On The List :: Dale Earnhardt Jr. Jr. @ Music Hall of Williamsburg [4.27.13]

This review runs first on Bowery's House List blog.

The world of Dale Earnhardt Jr. Jr. now operates on one law of nature and physics: If some is good, more is better. This wasn’t always the case for Dan Zott and Josh Epstein. Early on, they made their name wearing NASCAR racing suits and trafficking in Pet Sounds–era two-part harmonies. The first song on their debut EP, “Nothing but Our Love,” was sort of a simple offer compared to the bombast that’s begun creeping into their more recent work. Thus begins something of a second life with a new EP, the two-weeks-old Patterns: Dale Earnhardt Jr. Jr. in an active and obvious evolution. Bubbles, cloth lanterns, enormous inflatable balls and human beings—the band sent spheres of all kinds into revolution if not outright orbit on Friday night at a very sold-out and frenetic Music Hall of Williamsburg.

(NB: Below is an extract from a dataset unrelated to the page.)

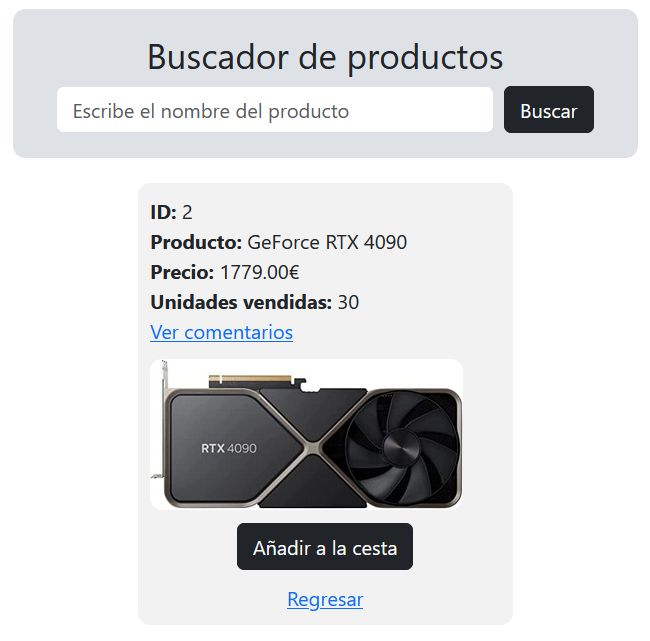 Detalles del producto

Dale Earnhardt Jr. Jr. opened with a brief teaser of the “na-na-na” chorus of first-LP jam “An Ugly Person on a Movie Screen” before making the transition to open with the recent “Hiding,” an enormous slice of buzzing synth pop. With Zott rocking a side ponytail in his curly brown hair, and both members wearing matching paisley suits, the sounds owed themselves to the crossover of “We Are Young,” by fun., but the visual aesthetics were all LMFAO’s “Party Rock Anthem.” This was as exciting to the Warner Music contingent in the balcony as it was to the combustible fans on the floor. Dale Earnhardt. Jr. Jr. turned to play “Simple Girl,” a sweet little song from their first LP, It’s a Corporate World, before running through “Vocal Chords” and some new material, noting, “You’ll know this one,” prior to playing “Morning Thought.”

But, unquestionably, the moment of the evening occurred when the enormous inflatable white sphere that stood like an unpigmented sun above the stage was lit with projected animation, making a gigantic Lego-man face that sang along with the music. The face became 8-bit animation to go with the lyrics for “Skeletons,” a loop of the life cycle of a tiny pixelated man and woman. The song, about the twin impulses of forgetting and remembering the past, rang perfectly for the band on the cusp of something of a big next movement, the next turn, the lives of imagined selves and illuminated orbs set against the “skeletons buried in the backyard.”